Figure 3The Matthews correlation coefficient (MCC) values for the gene-specific approach ProSper (protein-specific variant interpreter) compared with REVEL, VEST4 and ClinPred using the complete data sets. The VEST4 MCC results were unavailable as the VEST4 predictions were unavailable for the variants in the transcript of interest in ALAS2 and NDP.
Figure 4A comparison of the default Matthews correlation coefficient (MCC) with the optimised MCC for the performance of VEST4, REVEL and ClinPred (left, middle and right panels, respectively) using all of the data sets (the top three panels) and using balanced data sets (the bottom three panels) for the 21 genes. For each gene, the data set was balanced using undersampling, that is, using a random subset from the majority class to match the number of variants in the minority class. The default MCC values were generated using the default threshold of 0.5. The optimised MCC values were generated using gene-specific thresholds. The gene-specific threshold was identified using 80% of all the predictions from each tool through repeated (n=10) fivefold cross-validation with random subsampling. The optimised MCC value was generated using the rest (20%) of the predictions from each tool at the threshold identified for each gene. VEST4 predictions were unavailable for ALAS2 and NDP variants in the respective transcripts of interest. The lines between the default MCC and the optimised MCC values for each gene are for visualisation purposes only.
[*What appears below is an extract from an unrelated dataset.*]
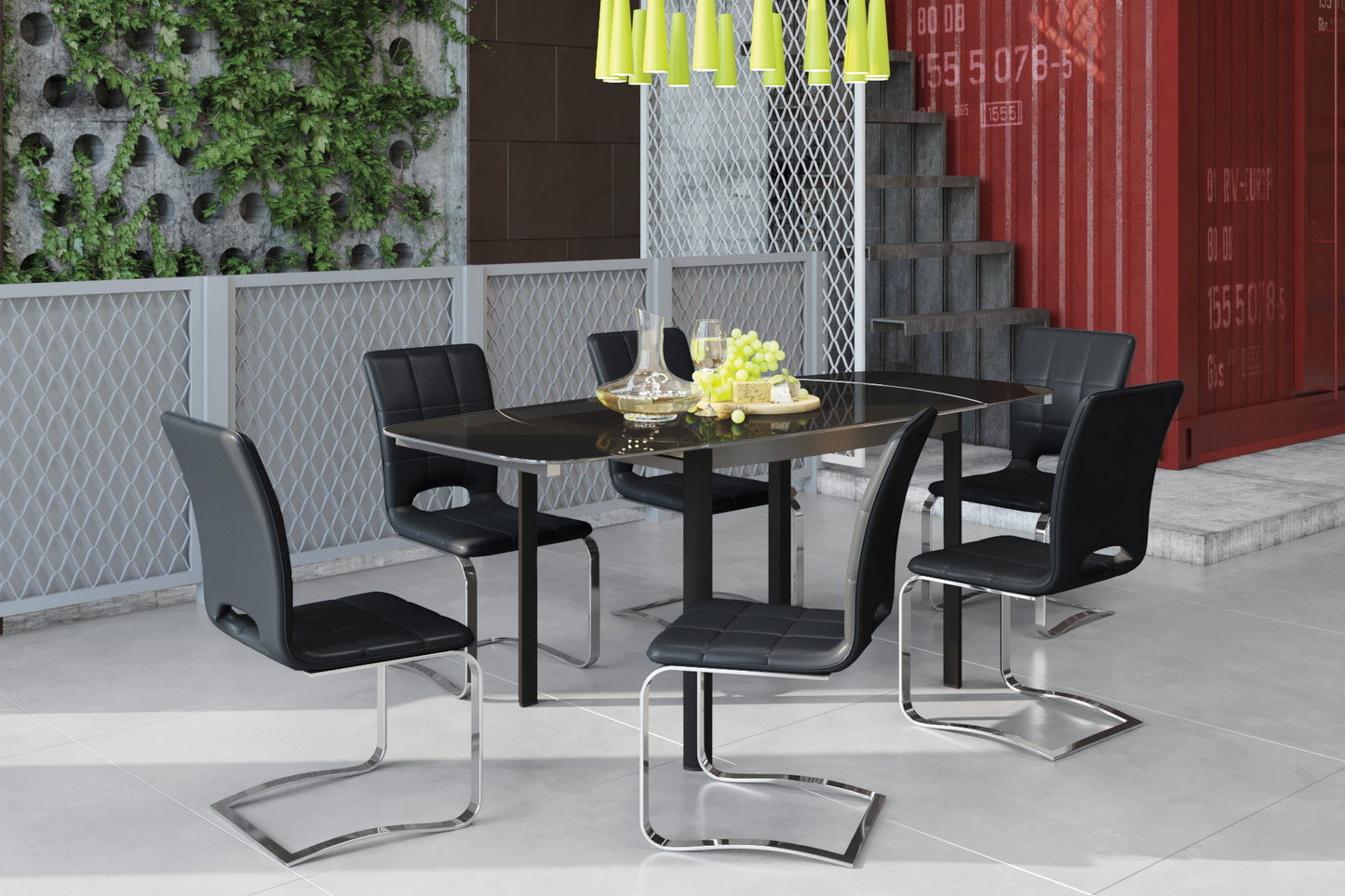 Masă Star și 6 scaune Shape - Gallery Image 2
Figure 5A comparison of the Matthews correlation coefficient (MCC) values for ProSper (protein-specific variant interpreter) with the optimised MCC values for VEST4, REVEL and ClinPred using all of the data sets (on the left) and using balanced data sets (on the right). Optimised MCC values were generated using gene-specific or protein-specific pathogenicity thresholds. The data set for each gene was balanced using undersampling, that is, using a random subset from the majority class to match the number of variants in the minority class. The gene-specific threshold was identified using 80% of all the predictions from each tool through repeated (n=10) fivefold cross-validation with random subsampling. The optimised MCC value was generated using the rest (20%) of the predictions from each tool at the threshold identified for each gene. VEST4 predictions were unavailable for ALAS2 and NDP variants in the respective transcripts of interest.